_ASSIGNMENT_. Only the lines from the line containing "New Dana B and" to the end of the entries, both included, belong in your answer, and each must match exactly.

Collected data entries
BEGIN
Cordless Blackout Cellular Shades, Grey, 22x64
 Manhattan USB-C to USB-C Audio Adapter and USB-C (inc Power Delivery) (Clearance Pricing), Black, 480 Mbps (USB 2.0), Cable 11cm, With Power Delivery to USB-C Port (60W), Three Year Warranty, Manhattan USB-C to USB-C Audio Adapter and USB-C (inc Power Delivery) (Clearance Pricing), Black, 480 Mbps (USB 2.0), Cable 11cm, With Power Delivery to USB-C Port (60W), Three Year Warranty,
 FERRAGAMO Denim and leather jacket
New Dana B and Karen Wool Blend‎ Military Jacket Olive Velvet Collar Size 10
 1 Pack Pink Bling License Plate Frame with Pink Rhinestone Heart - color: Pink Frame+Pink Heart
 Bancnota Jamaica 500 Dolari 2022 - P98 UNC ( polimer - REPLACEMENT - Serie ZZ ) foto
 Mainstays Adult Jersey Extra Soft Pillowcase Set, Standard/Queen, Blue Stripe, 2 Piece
END
_ANSWER SECTION_.
New Dana B and Karen Wool Blend‎ Military Jacket Olive Velvet Collar Size 10
 1 Pack Pink Bling License Plate Frame with Pink Rhinestone Heart - color: Pink Frame+Pink Heart
 Bancnota Jamaica 500 Dolari 2022 - P98 UNC ( polimer - REPLACEMENT - Serie ZZ ) foto
 Mainstays Adult Jersey Extra Soft Pillowcase Set, Standard/Queen, Blue Stripe, 2 Piece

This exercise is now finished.